The website continues: “Sarb-Ox is a job and productivity killer, costing our economy nearly $35 BILLION each year: out of the wallets of working men and women; out of the returns on investors’ IRAs; out of the bank accounts of American taxpayers — and right into the coffers of lawyers and accountants. Experience shows the law doesn’t even work. You can’t make people more honest by making them fill out more paperwork or by treating every manager like a criminal.”

The Free Enterprise Institute suit maintains that the Public Company Accounting Oversight Board, which was created by the Securities and Exchange Commission to enforce Sarbanes-Oxley, violates the constitutional doctrine of separation of powers by insulating the PCAOB’s wide-ranging exercise of government powers from presidential oversight and control, and by granting the power to the SEC to appoint the PCAOB members instead of the president.

Ott said one of the key pieces of Sarbanes-Oxley gave the PCAOB the power to set standards for auditors and the auditing process of publicly held companies or companies that were moving toward an IPO.

Ott said Sarbanes-Oxley “basically says it is illegal for someone to issue an audit report on the financial statements of a publicly traded company, or somebody who’s in the process of going public, unless that accounting firm is registered with and satisfies the standards of the PCAOB.”

That regulation “basically took a chunk of typically smaller accounting firms out of the business of doing the auditing for smaller public companies or smaller companies that were looking to go public,” added Ott.

Ott said Sarbanes-Oxley “probably” has kept down the number of IPOs since it was passed, and it definitely led many small publicly held companies to go back to being privately held. That was due to section 404, which requires companies to implement internal controls over financial reporting.

“Their outside auditing firm had to come in and attest to the adequacy of the internal controls,” said Ott. “It was a huge and incredibly expensive process for a lot of these companies.”

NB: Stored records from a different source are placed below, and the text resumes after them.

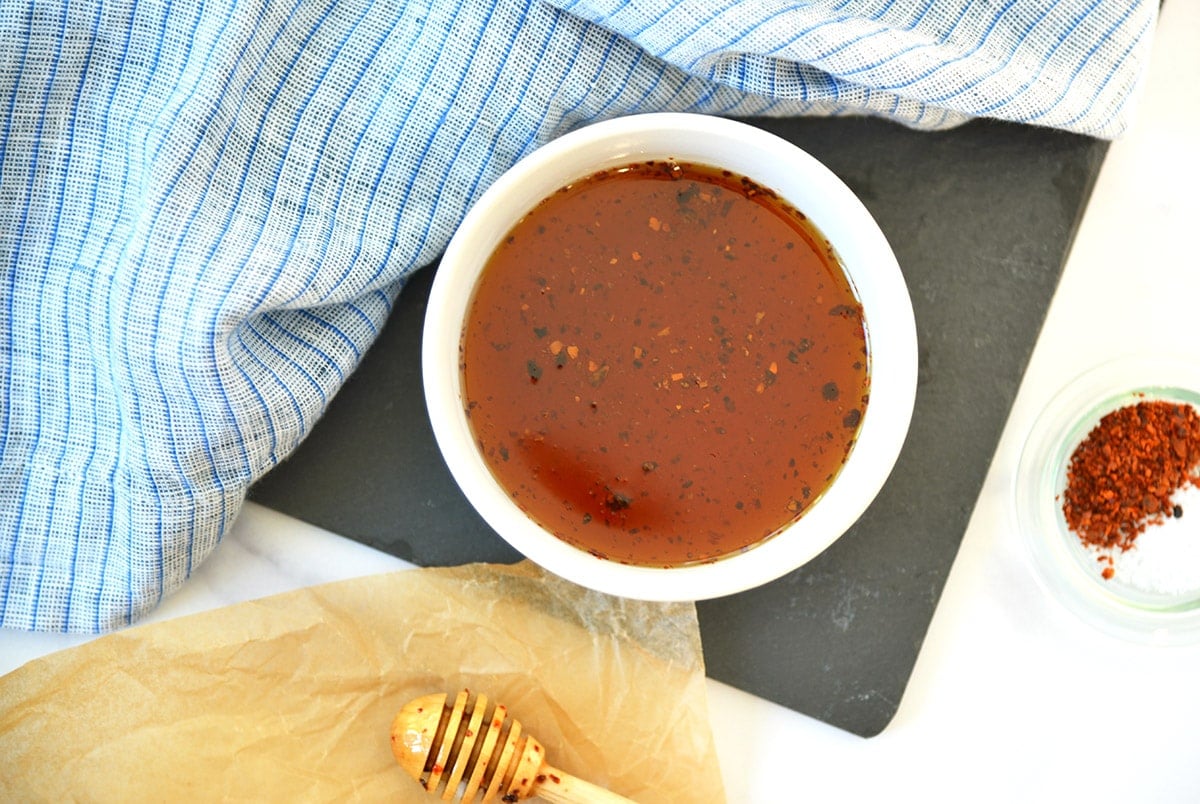 overhead of hot honey in a small white bowl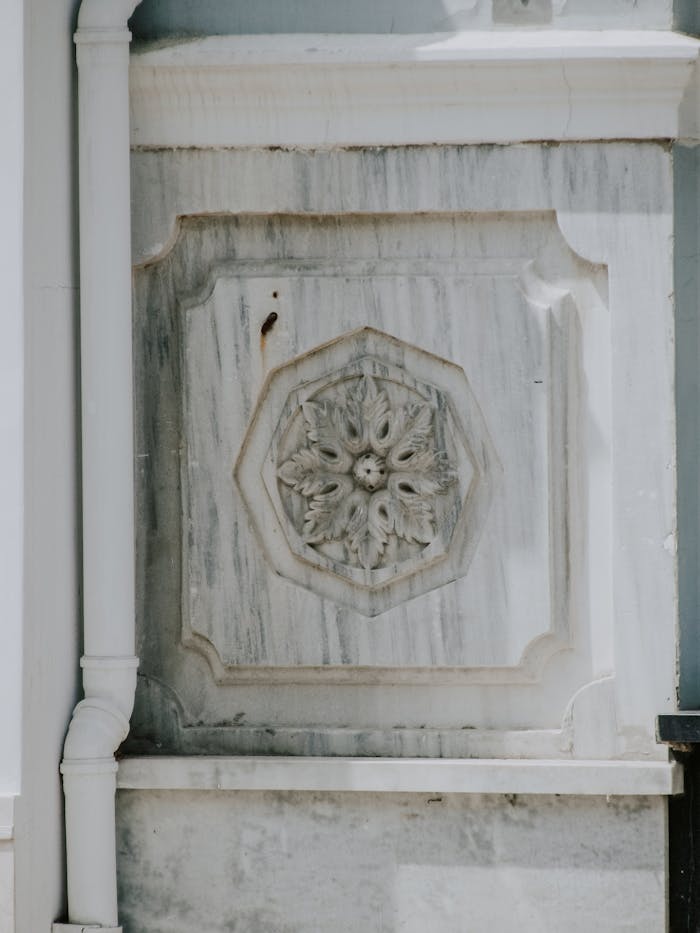 services-03 Intricate stone carving on a building facade showcasing architectural design.
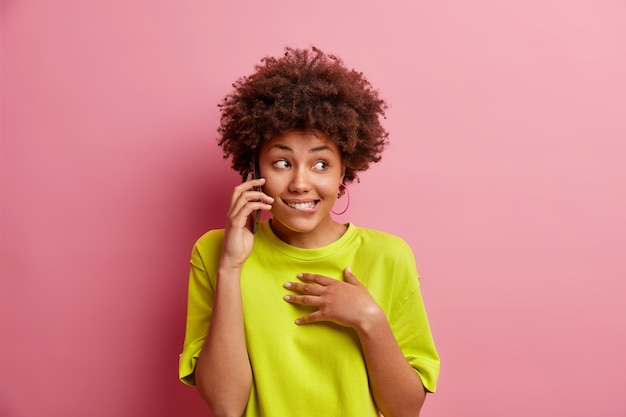 Free photo positive young woman with curly hair talks via mobile phone bites lips looks aside feels glad dressed in casual t shirt isolated over pink wall waits until friend will answer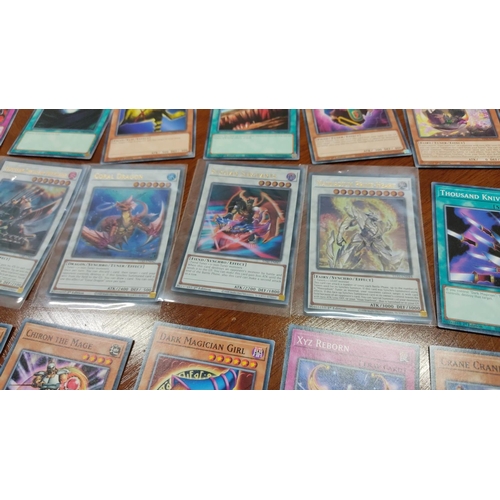 475 - Collection of Yu-Gi-Oh! trading cards, featuring Castel, the Skyblaster Musketeer and Daigusto Emera... 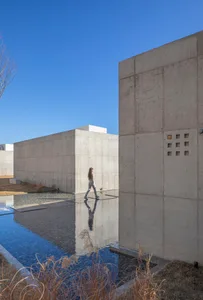 A modern building with a concrete exterior features clean lines and a minimalist design, surrounded by a large reflecting poo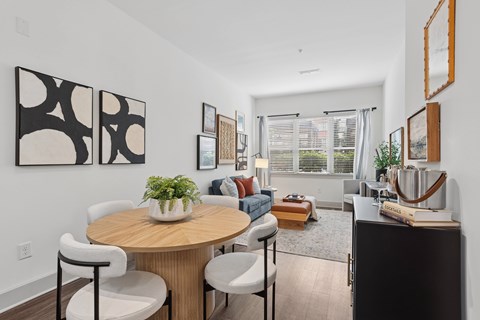 A modern dining room with a round table and chairs.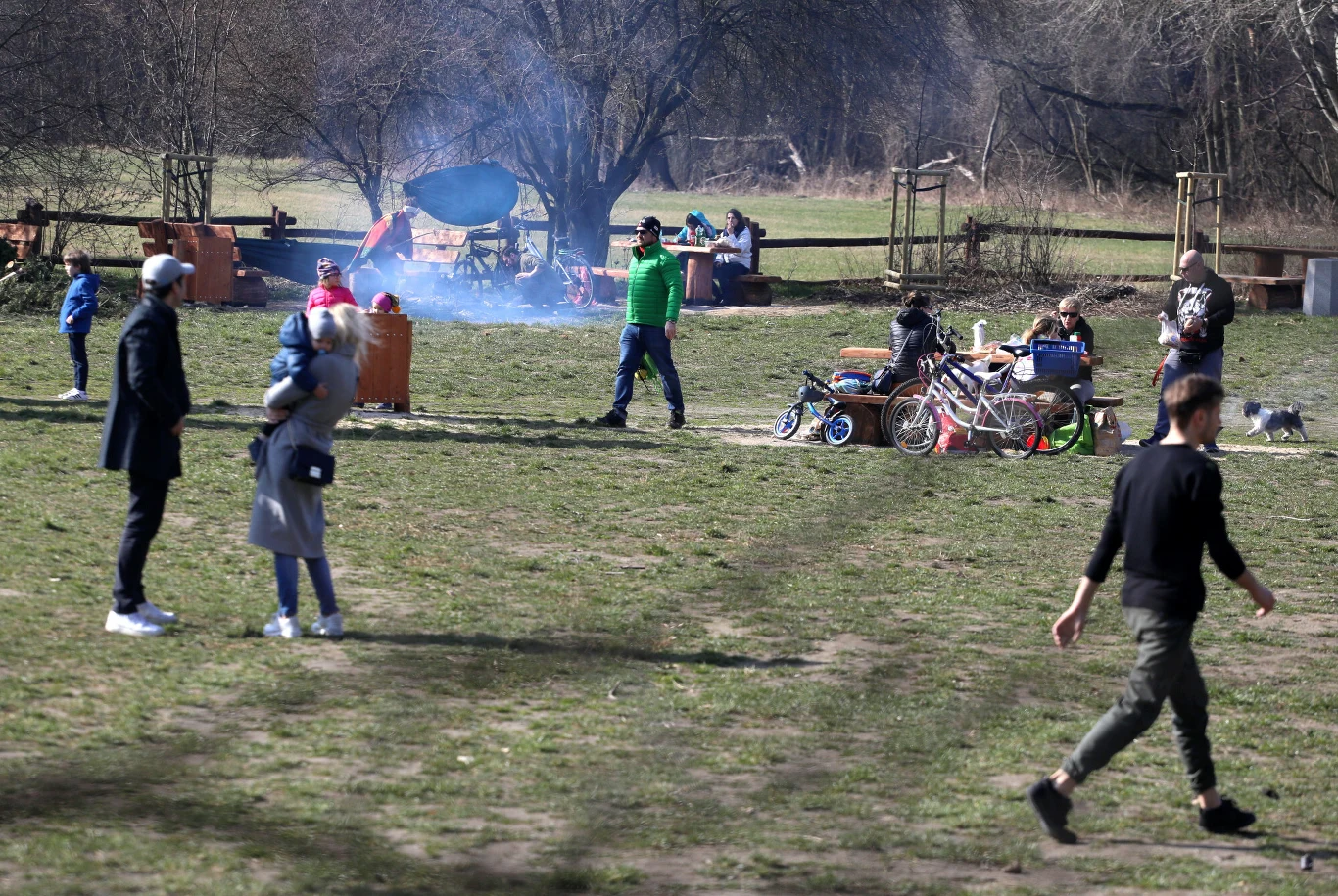 Kilka osób spaceruje i spędza czas na świeżym powietrzu w parku, w tle widać grupę przy ognisku oraz rowery rozstawione na trawie.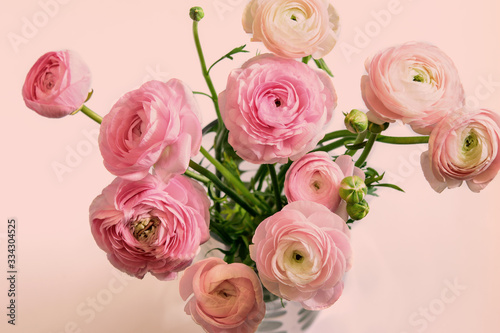 Bouquet of ranunculus pastel pink blossom. Ranunculus asiaticus or Persian Buttercup. Nice greeting card for Mother s Day or Momen s Day. Springtime  holiday greeting.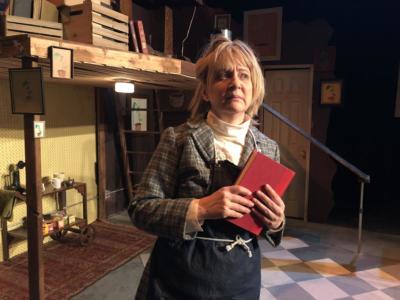 A disheveled woman wearing a while turtleneck, a plaid blazer and a blue apron is clutching a red book and looking dismayed.  She is standing in front of a door and a two level area. On the top level there are crates of books and below is clearly an area for tea and breaks.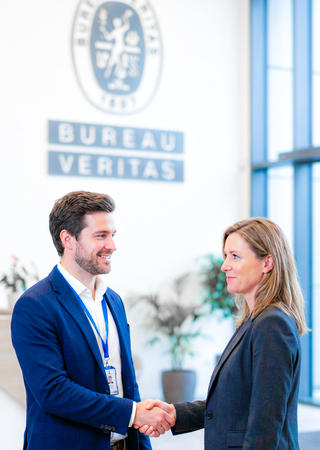 Handschlag zwischen BV‑Mitarbeiter und Kundenvertreter vor Labor- oder Bürohintergrund mit BV‑Branding – Symbol für Partnerschaft und Vertrauen 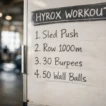 HYROX workout station board showing key exercises to train for a HYROX race
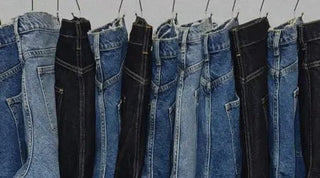 Best jeans for women displayed in various blue and black denim washes hanging neatly on hangers.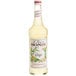 A 750 mL bottle of Monin ginger syrup with a label.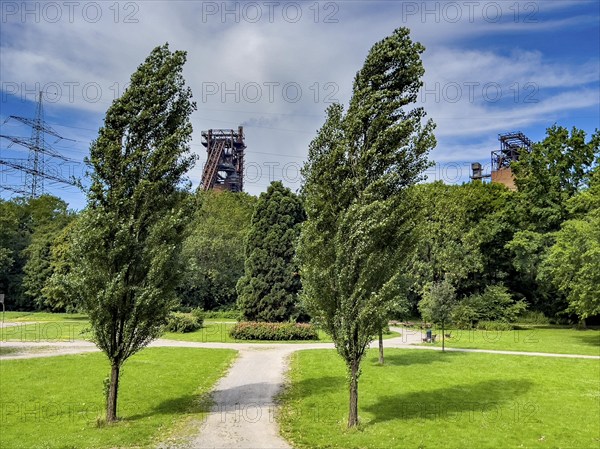 The Volkspark Schwelgern in Duisburg Marxloh, from 1925, municipal park donated by August Thyssen, directly adjacent to the high courtyards of the Thyssenkrupp Steel Marxloh steelworks, Duisburg, North Rhine-Westphalia, Germany, Europe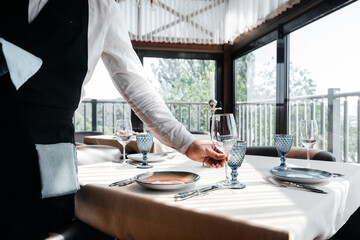 A young waiter in a stylish uniform is engaged in serving the table in a beautiful gourmet restaurant close-up. Table service in the restaurant.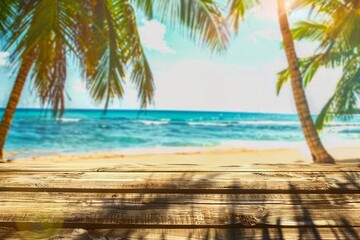 Wooden old table of free space for your decoration. Summer beach landscape with palms and ocean....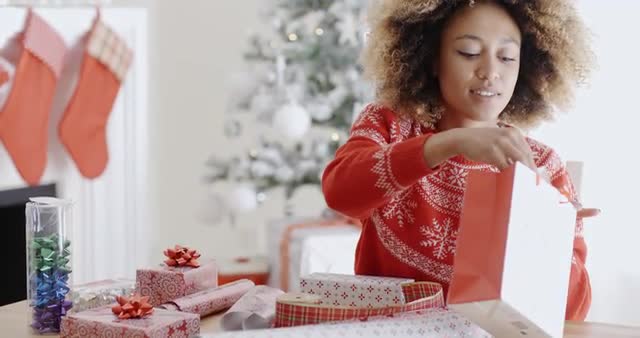 Pretty young woman wrapping Xmas presents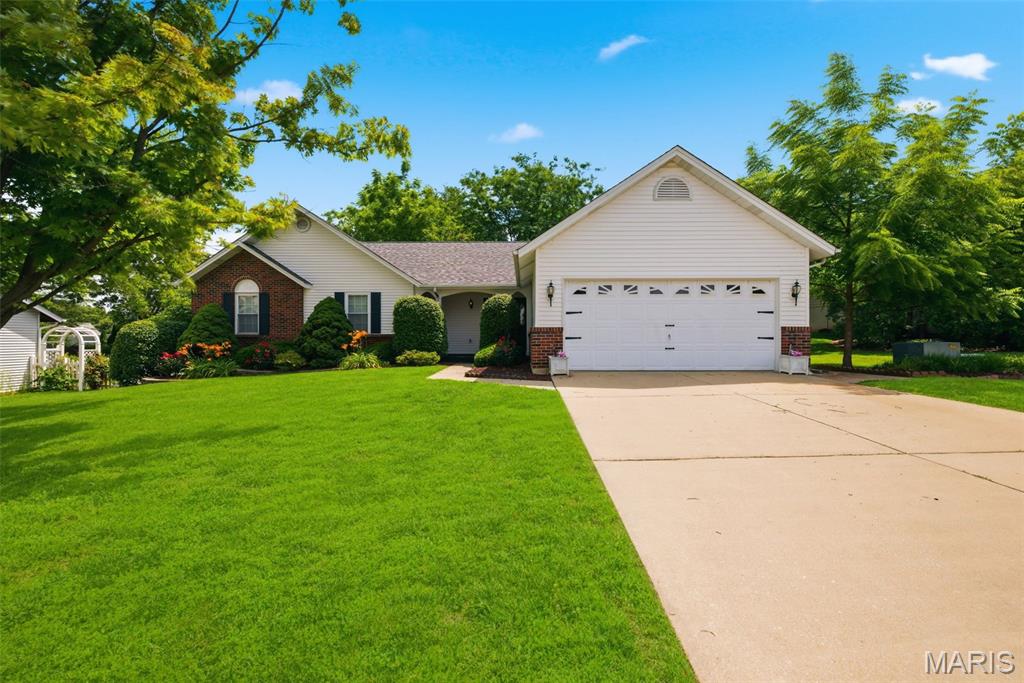 Well-maintained 3-bedroom, 3-bath ranch offering main-level living space plus an expansive unfinished lower level ready for future finish. Spacious vaulted great room features skylights, exposed beam accents, and a brick gas fireplace. The kitchen opens to the breakfast room and offers ample cabinet and counter space. Separate formal dining room provides additional entertaining space. The primary suite features a walk-in closet, dual vanity, soaking tub, and separate shower. Two additional bedrooms, full hall bath, and convenient main-floor laundry hookups in the kitchen complete the main level. Additional laundry hookups are also available in the basement. The unfinished lower level provides excellent storage and endless possibilities for future living space. The basement includes a sump pump and offers plenty of room for a recreation area, workshop, home gym, or additional finished square footage. Seller is offering a one year home warranty to buyer! 

Enjoy the screened porch overlooking the beautifully landscaped, private backyard with mature trees and abundant green space. Additional features include an oversized 2-car garage, generous storage throughout, and a brand-new roof installed in 2026.

Lovingly maintained,  this home offers a functional floor plan, spacious room sizes, and the opportunity to personalize over time.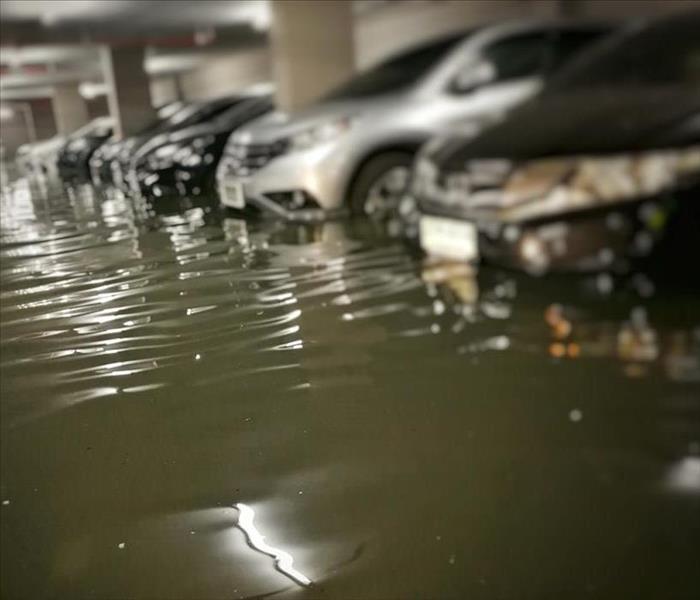flooding car in basement carpark at condominium.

“Right after Sarbanes passed, a number of companies saw what was coming with the 404 compliance,” said Ott. “They went private — or they ‘went dark’ is the other phrase that people use – but basically they said, look, we don’t need to be public. It’s too expensive. It’s too much of a burden and it’s just not worth it.”

Sarbanes-Oxley was “Congress’s answer to the last financial crisis, where you had lots of accounting scandals. … Given the environment we’re in right now,” if part or all of the act were found invalid by the Supreme Court, “I would think (Congress) could fix it fairly quickly.”

As far as a sudden increase in IPOs, Ott noted that “people are being careful.”

“It’s not a great market to be going out and trying to sell stock right now, either,” he added.

IPOs also take time, said Ott.

“To get a company prepped and ready to go for an IPO takes a while.”

Ott’s legal work has focused on securities offerings, securities compliance, and mergers and acquisitions.